Réunion du jeudi 9 juillet 2020 à 9h30
Commission d'enquête sur les obstacles à l'indépendance du pouvoir judiciaire

Christiane Taubira, ancienne ministre de la justice :

Je vous remercie de m'avoir invitée pour exposer ce que j'ai eu l'occasion de faire à la tête du ministère régalien qu'est le ministère de la justice. S'intéresser aux obstacles à l'indépendance du pouvoir judiciaire, comme le fait votre commission, revient à s'interroger sur le soupçon qui pèse sur les responsables politiques mais aussi, chose plus encore préjudiciable car la défiance à l'égard du personnel politique est courante, sur les magistrats eux-mêmes, sur leur neutralité vis-à-vis du pouvoir politique, sur l'impartialité de leurs décisions. C'est une question majeure qu'il convient de traiter le plus sérieusement possible.

Lorsque nous sommes arrivés au pouvoir, en 2012, les rapports entre le pouvoir exécutif et l'institution judiciaire étaient exécrables, pour dire les choses très franchement. L'affaire Bettencourt avait installé dans la societé une défiance à l'égard des responsables politiques et des magistrats. La Cour de cassation était allée jusqu'à prononcer le dépaysement du dossier tant l'affaire avait de retentissements.

Pour moi, il y avait alors deux enjeux : les correctifs à apporter pour modifier cette ambiance, les conditions mêmes dans lesquelles les magistrats peuvent exercer leurs fonctions juridictionnelles.

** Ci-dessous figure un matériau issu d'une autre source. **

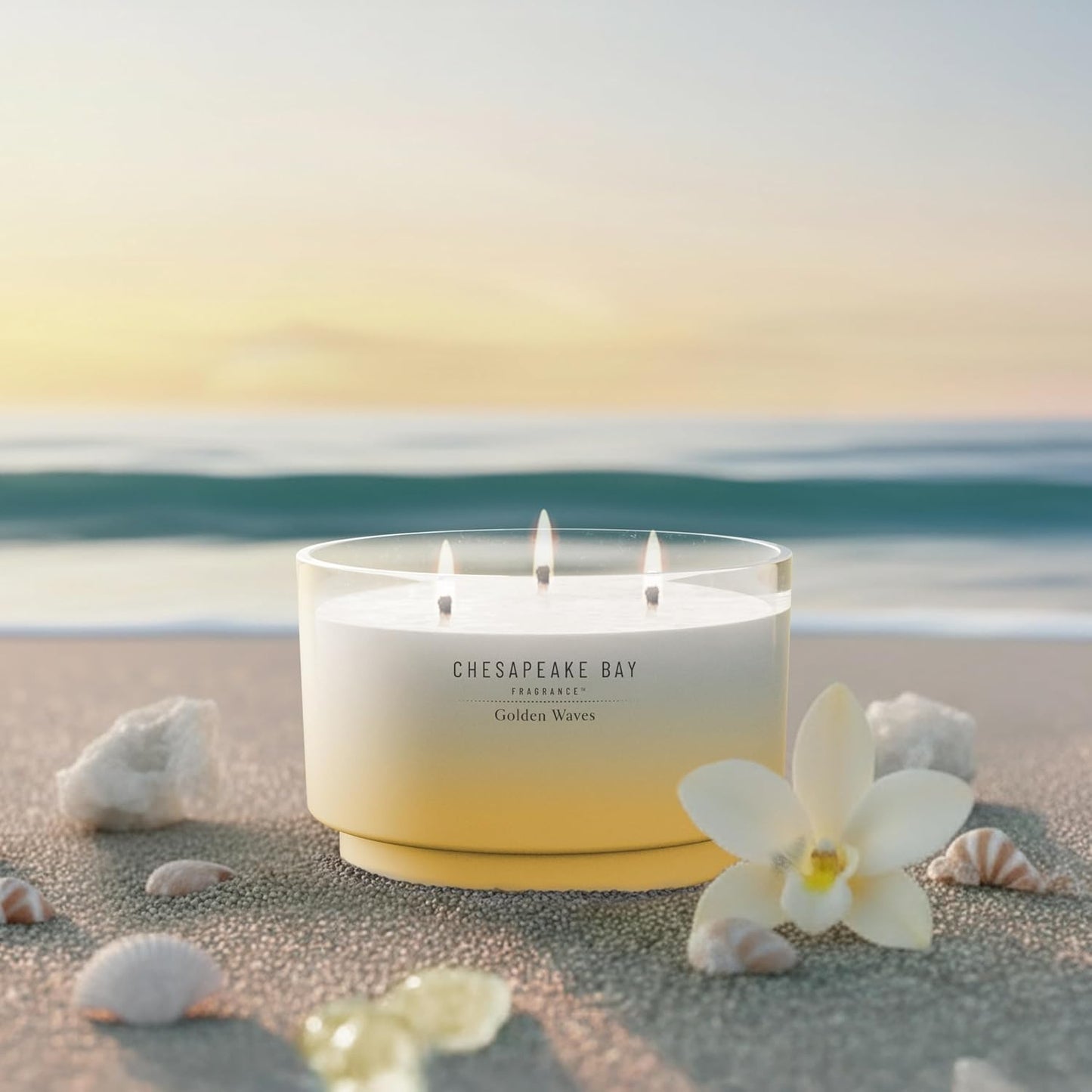 Chesapeake Bay, 11oz Marine Drift Scented Candle, Mood Evoking Fragrance, Textured Sea Glass-Inspired Jar, Premium Soy Blend Wax with Essential Oils, Coastal Fragrance for Home Décor or Gifting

Je me suis très vite mise à travailler sur les relations entre le garde des Sceaux, les parquets généraux et les parquets. Dès juillet 2012, j'ai fait en sorte que les hauts postes de magistrats du parquet soient inscrits dans la liste des postes à pourvoir et des candidatures, dite « transparence ». Comme je m'étais engagée à respecter les avis du Conseil supérieur de la magistrature (CSM), je tenais à ce qu'il dispose de tous les éléments pour prendre les décisions les plus incontestables. Je lui ai donc donné accès aux dossiers de services des magistrats, ce qui a en outre ouvert un droit de recours pour les candidates et les candidats n'ayant pas été retenus. Pendant toute la période où j'ai été ministre, j'ai scrupuleusement respecté les choix de cette instance.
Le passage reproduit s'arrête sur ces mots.